Funnel Math: When Your Best Budget Move Isn’t Another Channel

Funnel Math: When Your Best Budget Move Isn’t Another Channel
Photo by Antoine Dautry / Unsplash

Here’s a classic you’ve probably seen.

“A bat and a ball cost $1.10 in total. The bat costs $1.00 more than the ball. How much does the ball cost?”

I’ve seen this quoted dozens of times, I know its wrong, but still my hardwired brain says “the bat is a $1.00, the ball is $0.10.” (Spoiler…no. Bat = $1.05, ball = $0.05).

This first shows up in a paper by Kahneman and Frederick, and an example of “System 1” thinking — our fast, intuitive, subconscious mode — and where it can get things wrong. The key is that the false assumptions seem both plausible and simple. It feels right that a ball would cost one-tenth of what a bat would cost. Also your brain likes easy math, and ($1.00 + $0.10 = $1.10) is quite easy.

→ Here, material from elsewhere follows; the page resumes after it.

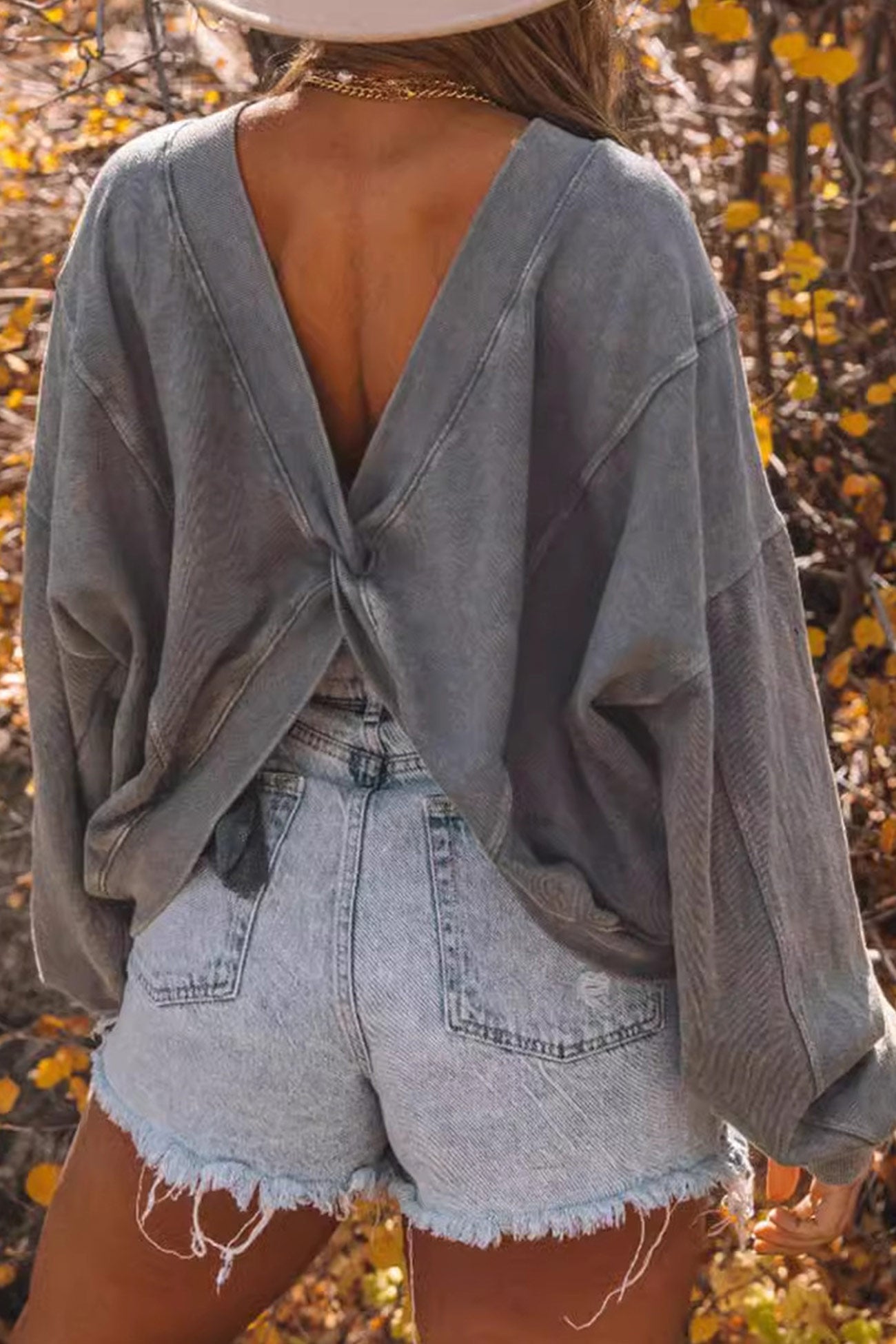 Twisted-back Pocketed Ribbed Tops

When I talk with marketers about our service (for context — a tool to increase conversion on your existing traffic), a similar “quick math” error pops up that looks something like this:

“Your CAC is $200 through paid channels. You’re looking at a tool to convert more paid traffic that costs $100 per incremental customer — what is your new CAC?”

If your instinct was “$300”, you’re not alone. You would, however, be wrong. The reason is similar to the bat and ball — the two costs interact. If you convert more customers from your current traffic, your existing CAC goes down (because the denominator, customers, goes up).

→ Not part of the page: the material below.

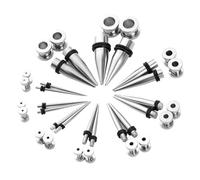 Gauges Tunnels, 36PCS Stainless Steel Ear Gauges Plugs 14g-00g Screw Fit 2 in 1 Interchangeable Geometric Shape Single/Double Flared Ear Gauge Taper 1.6mm-10mm Black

For example, here’s what that math looks like with a 20% increase in customers (a conservative number from what we've seen):

BaselineNew
Spend$200,000$220,000
Customers1,0001,200
CAC$200$183

You spend $20k more, but you get 200 more customers (i.e. that $100 CPA). Your overall CAC goes down by almost 10%, despite the spend increase, because you’re spreading it over more customers.

I think two cognitive quirks trip marketers up here:

(1) We like pumping acquisition budgets, especially in new channels, and

(2) we like to act as if each channel lives in its own silo

That’s why we swallow the CPAs ad platforms feed us, or lean on a simple click-attribution system that seems directionally correct, but better than wading into the multi-touch mess.

However, your existing on‑site traffic is a cleaner, cheaper sandbox for proving incremental gains. Even if you have to spend money to convert those incremental customers, as long as its less per customer than your current marginal CAC, its the right place to invest.